--- Work request ---
The expected answer is the set of lines in the data below between the line holding "Ferieboliger ved Mobilhome" and the line holding "LED flood light mounted on a metal wall", inclusive, written out exactly.

--- Entries provided ---
**********

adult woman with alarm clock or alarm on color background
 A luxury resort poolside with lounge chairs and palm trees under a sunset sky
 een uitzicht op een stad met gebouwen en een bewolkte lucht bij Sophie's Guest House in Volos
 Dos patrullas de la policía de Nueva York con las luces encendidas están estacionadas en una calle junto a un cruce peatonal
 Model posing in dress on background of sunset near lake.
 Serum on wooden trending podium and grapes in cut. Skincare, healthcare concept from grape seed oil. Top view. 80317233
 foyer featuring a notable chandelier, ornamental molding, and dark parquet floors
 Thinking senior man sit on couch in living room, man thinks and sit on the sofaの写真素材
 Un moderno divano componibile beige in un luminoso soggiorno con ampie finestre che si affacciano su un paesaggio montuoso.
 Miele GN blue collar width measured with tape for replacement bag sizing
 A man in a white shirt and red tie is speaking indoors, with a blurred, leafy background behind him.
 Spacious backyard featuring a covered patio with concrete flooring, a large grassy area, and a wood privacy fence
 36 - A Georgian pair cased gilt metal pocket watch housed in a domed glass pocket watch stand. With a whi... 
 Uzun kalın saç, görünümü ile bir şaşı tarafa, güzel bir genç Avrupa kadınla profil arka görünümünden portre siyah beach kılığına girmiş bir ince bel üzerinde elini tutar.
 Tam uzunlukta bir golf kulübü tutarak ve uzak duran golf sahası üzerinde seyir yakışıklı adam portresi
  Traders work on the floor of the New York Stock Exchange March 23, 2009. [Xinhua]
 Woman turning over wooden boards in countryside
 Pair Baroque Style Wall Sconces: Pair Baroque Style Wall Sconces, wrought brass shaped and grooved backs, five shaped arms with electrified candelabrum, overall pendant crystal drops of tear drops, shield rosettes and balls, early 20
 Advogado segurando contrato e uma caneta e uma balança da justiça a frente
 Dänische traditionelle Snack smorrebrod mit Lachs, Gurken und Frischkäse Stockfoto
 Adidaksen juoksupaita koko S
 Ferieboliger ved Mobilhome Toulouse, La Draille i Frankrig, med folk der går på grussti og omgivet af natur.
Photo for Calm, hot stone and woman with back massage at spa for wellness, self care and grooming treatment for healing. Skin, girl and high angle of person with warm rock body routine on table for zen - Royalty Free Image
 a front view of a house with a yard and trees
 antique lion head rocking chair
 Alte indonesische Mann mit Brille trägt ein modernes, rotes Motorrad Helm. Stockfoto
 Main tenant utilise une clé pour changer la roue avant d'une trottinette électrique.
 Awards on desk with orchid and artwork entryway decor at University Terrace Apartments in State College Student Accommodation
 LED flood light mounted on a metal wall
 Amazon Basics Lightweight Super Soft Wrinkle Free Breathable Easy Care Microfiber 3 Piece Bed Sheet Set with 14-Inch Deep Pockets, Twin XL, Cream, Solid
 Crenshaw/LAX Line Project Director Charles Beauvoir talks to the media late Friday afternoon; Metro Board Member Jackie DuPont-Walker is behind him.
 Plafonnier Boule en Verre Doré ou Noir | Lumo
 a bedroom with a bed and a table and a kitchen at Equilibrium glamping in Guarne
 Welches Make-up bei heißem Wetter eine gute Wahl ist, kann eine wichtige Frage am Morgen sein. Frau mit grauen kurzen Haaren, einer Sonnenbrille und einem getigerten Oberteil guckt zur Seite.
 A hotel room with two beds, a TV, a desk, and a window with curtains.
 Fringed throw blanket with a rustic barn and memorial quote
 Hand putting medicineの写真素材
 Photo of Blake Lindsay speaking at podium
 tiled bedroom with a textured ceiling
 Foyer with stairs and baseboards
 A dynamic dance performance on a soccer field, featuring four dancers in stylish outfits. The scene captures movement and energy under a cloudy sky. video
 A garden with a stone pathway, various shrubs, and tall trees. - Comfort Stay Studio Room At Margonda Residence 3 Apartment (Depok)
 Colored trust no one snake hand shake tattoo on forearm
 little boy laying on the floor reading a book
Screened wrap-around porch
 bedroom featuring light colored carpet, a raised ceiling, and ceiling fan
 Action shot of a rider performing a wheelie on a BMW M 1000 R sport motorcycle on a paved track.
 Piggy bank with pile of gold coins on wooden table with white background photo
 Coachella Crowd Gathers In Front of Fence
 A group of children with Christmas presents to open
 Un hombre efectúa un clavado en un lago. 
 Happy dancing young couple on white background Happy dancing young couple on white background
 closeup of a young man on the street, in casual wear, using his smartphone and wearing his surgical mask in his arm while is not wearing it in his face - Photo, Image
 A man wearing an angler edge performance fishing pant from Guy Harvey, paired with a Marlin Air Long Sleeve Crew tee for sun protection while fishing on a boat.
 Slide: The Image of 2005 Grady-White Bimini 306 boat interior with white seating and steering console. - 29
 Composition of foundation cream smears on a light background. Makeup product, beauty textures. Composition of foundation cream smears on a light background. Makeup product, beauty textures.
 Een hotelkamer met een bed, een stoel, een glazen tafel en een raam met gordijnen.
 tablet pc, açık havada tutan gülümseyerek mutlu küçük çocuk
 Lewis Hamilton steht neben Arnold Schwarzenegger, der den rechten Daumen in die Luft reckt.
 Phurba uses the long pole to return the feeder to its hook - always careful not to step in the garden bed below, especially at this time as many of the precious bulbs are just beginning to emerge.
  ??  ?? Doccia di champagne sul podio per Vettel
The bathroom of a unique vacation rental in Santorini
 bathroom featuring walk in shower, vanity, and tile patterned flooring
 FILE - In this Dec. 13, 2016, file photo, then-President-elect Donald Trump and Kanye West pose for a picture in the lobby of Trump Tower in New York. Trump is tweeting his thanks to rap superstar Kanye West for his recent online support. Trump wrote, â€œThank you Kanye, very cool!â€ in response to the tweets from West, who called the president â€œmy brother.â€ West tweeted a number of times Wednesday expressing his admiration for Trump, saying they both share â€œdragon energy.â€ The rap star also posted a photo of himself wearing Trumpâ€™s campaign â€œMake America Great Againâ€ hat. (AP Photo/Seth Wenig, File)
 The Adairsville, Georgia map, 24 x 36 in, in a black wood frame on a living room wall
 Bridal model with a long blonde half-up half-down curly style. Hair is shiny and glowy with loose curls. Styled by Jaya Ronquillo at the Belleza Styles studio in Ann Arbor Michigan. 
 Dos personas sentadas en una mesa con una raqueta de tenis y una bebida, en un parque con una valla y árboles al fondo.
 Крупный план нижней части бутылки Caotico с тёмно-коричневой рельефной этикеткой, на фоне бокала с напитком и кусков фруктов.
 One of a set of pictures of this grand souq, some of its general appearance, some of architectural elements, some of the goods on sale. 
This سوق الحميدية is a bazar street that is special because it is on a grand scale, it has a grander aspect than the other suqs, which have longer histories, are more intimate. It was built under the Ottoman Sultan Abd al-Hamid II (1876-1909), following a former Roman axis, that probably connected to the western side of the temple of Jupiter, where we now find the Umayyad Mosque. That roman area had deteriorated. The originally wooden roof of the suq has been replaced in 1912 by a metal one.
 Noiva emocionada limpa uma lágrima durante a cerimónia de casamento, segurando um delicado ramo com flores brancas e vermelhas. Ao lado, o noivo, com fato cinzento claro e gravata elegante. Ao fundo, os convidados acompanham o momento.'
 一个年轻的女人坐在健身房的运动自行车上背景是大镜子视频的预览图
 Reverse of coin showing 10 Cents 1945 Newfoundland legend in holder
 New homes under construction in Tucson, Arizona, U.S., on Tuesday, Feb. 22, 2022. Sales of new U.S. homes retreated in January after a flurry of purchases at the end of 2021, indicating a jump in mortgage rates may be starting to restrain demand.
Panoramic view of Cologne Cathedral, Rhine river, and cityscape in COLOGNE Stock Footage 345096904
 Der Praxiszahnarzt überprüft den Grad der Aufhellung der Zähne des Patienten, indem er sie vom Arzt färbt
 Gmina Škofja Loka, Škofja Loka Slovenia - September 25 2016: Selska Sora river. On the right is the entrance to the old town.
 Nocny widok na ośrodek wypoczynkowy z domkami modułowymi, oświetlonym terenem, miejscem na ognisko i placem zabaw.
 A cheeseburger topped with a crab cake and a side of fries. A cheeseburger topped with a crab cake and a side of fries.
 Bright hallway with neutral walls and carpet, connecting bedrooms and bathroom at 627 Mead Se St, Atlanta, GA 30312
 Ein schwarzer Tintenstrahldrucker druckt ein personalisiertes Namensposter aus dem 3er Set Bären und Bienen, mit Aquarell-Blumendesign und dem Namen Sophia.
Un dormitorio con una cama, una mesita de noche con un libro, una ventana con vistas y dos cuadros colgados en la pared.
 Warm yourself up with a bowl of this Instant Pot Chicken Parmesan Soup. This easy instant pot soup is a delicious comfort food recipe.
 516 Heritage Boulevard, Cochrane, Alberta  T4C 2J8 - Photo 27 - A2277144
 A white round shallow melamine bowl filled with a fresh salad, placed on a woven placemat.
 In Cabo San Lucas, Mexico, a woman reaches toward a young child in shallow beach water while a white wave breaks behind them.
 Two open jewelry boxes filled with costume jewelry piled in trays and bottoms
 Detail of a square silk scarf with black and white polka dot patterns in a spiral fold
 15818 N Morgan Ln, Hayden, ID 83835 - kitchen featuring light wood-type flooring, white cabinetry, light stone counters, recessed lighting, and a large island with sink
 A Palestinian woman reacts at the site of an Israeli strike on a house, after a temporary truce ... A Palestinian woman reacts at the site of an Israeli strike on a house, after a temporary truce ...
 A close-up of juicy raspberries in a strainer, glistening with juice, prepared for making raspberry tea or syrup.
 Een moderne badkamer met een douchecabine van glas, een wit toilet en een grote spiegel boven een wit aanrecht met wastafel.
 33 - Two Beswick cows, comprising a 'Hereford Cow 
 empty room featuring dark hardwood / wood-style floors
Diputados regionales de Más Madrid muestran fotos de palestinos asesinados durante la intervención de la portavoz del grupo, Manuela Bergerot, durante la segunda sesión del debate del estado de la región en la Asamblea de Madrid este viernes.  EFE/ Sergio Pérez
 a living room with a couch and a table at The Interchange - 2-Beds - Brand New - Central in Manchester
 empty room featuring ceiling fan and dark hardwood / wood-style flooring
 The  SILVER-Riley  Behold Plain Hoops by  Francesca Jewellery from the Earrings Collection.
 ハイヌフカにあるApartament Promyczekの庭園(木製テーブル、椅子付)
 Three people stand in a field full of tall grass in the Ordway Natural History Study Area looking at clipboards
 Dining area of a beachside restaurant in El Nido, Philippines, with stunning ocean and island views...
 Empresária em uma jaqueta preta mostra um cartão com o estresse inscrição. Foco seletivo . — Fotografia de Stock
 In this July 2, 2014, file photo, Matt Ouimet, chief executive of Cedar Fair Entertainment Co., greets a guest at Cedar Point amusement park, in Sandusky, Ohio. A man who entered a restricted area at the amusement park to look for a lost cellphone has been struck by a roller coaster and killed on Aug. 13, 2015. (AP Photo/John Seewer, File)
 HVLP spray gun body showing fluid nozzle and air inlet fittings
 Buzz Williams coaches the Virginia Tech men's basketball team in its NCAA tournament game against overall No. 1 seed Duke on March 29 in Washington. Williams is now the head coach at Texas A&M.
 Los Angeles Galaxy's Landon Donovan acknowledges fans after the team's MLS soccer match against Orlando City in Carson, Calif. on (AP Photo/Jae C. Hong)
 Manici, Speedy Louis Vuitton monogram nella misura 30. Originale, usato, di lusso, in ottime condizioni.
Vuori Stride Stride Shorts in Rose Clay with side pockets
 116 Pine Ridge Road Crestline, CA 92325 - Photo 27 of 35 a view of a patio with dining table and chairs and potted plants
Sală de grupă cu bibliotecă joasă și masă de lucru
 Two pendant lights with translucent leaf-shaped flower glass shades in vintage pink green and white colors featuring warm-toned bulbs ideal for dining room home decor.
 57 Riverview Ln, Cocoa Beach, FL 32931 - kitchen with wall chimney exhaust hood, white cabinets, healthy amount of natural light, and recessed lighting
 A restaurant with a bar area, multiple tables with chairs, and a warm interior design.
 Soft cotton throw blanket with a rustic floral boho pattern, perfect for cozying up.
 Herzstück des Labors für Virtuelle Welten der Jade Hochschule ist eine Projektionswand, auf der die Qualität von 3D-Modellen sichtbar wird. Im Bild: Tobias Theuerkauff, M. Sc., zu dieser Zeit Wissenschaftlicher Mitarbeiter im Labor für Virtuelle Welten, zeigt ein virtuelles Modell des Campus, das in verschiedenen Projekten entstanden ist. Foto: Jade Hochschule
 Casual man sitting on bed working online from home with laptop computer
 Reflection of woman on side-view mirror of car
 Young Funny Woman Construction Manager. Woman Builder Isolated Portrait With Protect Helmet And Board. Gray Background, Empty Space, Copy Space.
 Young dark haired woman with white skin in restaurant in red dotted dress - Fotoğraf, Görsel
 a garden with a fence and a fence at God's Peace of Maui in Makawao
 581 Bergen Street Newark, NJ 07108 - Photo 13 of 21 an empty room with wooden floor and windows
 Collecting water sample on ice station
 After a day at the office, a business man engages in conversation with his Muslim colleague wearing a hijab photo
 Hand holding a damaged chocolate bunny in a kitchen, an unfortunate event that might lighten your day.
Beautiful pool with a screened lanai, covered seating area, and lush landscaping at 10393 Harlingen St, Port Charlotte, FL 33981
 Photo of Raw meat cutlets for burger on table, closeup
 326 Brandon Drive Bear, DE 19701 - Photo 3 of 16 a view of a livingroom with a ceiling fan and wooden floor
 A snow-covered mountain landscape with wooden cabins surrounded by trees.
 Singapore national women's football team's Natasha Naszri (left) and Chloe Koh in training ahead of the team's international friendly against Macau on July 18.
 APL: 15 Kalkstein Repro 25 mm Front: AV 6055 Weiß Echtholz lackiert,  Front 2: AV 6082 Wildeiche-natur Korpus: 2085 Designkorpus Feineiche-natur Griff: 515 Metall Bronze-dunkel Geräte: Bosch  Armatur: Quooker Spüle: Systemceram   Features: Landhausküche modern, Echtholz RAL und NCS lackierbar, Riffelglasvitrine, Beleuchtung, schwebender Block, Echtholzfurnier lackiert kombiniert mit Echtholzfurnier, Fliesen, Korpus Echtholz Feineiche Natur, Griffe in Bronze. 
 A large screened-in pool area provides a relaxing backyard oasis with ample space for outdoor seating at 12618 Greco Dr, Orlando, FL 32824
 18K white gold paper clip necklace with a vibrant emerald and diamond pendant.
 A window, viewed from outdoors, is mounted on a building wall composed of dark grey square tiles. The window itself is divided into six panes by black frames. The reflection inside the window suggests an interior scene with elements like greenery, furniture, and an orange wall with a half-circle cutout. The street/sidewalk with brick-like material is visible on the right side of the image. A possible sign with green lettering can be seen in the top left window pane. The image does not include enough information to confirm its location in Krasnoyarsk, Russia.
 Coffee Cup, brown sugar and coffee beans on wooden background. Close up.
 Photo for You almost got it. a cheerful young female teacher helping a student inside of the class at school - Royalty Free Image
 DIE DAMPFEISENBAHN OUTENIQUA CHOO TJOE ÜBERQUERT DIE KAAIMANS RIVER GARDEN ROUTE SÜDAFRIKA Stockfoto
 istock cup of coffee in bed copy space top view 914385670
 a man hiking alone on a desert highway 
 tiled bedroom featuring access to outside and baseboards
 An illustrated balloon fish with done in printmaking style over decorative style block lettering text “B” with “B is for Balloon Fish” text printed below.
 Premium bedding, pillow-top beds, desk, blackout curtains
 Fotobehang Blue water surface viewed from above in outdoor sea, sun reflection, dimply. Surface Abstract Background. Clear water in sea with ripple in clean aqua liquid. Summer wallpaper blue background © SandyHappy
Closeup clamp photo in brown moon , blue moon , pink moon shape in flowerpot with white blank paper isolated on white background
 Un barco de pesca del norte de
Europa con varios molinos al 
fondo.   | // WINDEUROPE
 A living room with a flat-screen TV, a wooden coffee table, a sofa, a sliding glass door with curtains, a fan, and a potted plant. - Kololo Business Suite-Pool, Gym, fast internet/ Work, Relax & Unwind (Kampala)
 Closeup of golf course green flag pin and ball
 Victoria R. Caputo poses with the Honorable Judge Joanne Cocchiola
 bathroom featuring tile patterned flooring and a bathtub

**********

--- Your solution ---
 Ferieboliger ved Mobilhome Toulouse, La Draille i Frankrig, med folk der går på grussti og omgivet af natur.
Photo for Calm, hot stone and woman with back massage at spa for wellness, self care and grooming treatment for healing. Skin, girl and high angle of person with warm rock body routine on table for zen - Royalty Free Image
 a front view of a house with a yard and trees
 antique lion head rocking chair
 Alte indonesische Mann mit Brille trägt ein modernes, rotes Motorrad Helm. Stockfoto
 Main tenant utilise une clé pour changer la roue avant d'une trottinette électrique.
 Awards on desk with orchid and artwork entryway decor at University Terrace Apartments in State College Student Accommodation
 LED flood light mounted on a metal wall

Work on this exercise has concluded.